La versión del hermano Ignacio consistía en no poder no pensar la última línea invertida: «y no supo el quién y el porqué». ¿Puede un corazón recto y un ojo sencillo leer tan mal el significado de la propia vida, de la vida de la comunidad, del misterio del amor divino? ¿Puede el silencio de Dios ser a la vez tan profundo y alejador que el desalejamiento sea imposible? No hacía mucho, al fin y al cabo, que Ignacio declaró, hablando con el hermano Raimundo, la belleza y la peligrosidad del Señor. Tanto en aquella ocasión reciente como ahora, se refería a la conocida frase que destellaba con frecuencia en su conciencia: «El ser es lo más familiar y al mismo tiempo el abismo. La belleza es lo más familiar y al mismo tiempo el abismo.» El hermano Ignacio tenía motivos personales para entender mejor que el resto de los monjes estas frases aplicadas al caso del hermano Abel.

—Hay que dejarlo estar, hermano —declaró Raimundo, mientras ambos daban su breve paseo antes de Vísperas—. Tenemos que sobreponernos y no balancearnos de una suposición a otra, de un deseo piadoso a otro, de un recuerdo a otro, de un porqué a otro, en este caso concreto.

—Así debe ser, hermano —respondió Ignacio—, pero a la vez es imposible, no puedo liberarme, por más que lo intente, de una inmensa tristeza, de una inmensa incomprensión por mi parte, que gira violentamente sobre sí como un tornado y que a veces es empatía con el hermano Abel y a veces al contrario, antipatía y desapego, y que vuelve a empezar otra vez como ternura, como censura, como deseo de olvido, como esfuerzo ascético por aceptar las recomendaciones del prior, como rebelión contra las palabras del prior, como duelo por el hermano Abel, que ahora me parece un duelo sin partes e inextinguible e informe.

—Te entiendo muy bien, Ignacio.
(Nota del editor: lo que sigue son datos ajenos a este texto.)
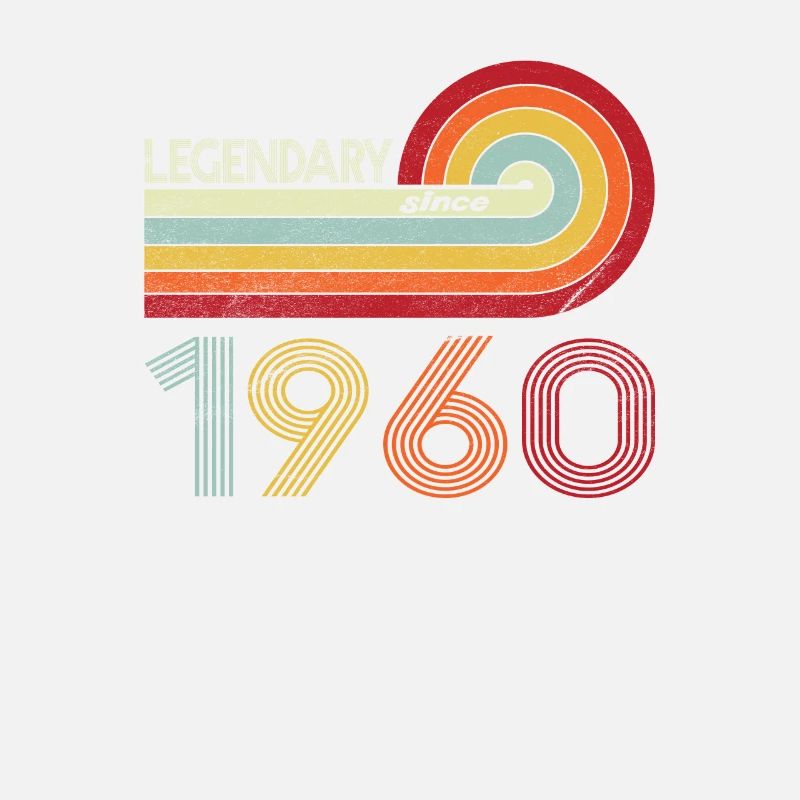 1960 Geburtstag Legendary since Vintage Rainbow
Recemos juntos una vez más: «Quédate con nosotros, Señor, porque atardece».

Mientras se encaminaban a la capilla, se diluía el sol aurificando el monasterio y los abedules. El tintineo de los álamos blancos, entre el trinar aurificado del recogimiento de todos los pájaros a esa hora. Los últimos vencejos chiando al entrecruzarse en lo alto de las dos espadañas, la de la campana y la de la cruz, trajeron a la memoria de Ignacio, una vez más, frases de otra conversación, lejanísima de pronto:

—Vivimos en un estado de excepción, en este espacio reducido, en este tiempo reducido, hermano. A veces me parece como un tiempo de prórroga en un partido empatado, siempre es el último cuarto de hora. Regateamos esforzadamente durante todo el partido, regateamos y chutamos a gol, erramos. Nuestra errancia es disonante en esta desconfianza irreprimible en cuyo interior nos elevamos a Dios y nos caemos de Dios como ciruelas maduras, aplastadas, pisadas, asediadas por las últimas abejas en el sendero de la huerta. Es un estado de excepción y un tiempo reducido, hermano Ignacio.

La voz de Abel, su tono de voz, estaba nítidamente ahí como un campaneo que convoca a la oración y que cesa. El fraseo no era exacto del todo, era —pensó Ignacio— demasiado elocuente y doliente. Era un fraseo de oración fúnebre, de exequias, solemne y, de algún modo, falsificado, poético y, de algún modo, inauténtico. Expresivo y, de algún modo, inexpresivo y prosaico. La voz del hermano Abel era apagada en las conversaciones, afinada, hecha al gregoriano, pero siempre más baja, más arenosa y pegadiza que otras voces. No era la voz de un orador elocuente. Al reoírla ahora, el tono y el contenido se rehuían por sí solos, como atardeceres. Se desenhebraban inaudibles e intransitables quizá como la cabecita de oro de una aguja de repasar. Eran frases no continuadas y no argumentadas, como si la lucidez de Abel fuese equivalente al eliotiano «On Margate Sands. / I can connect / Nothing with nothing».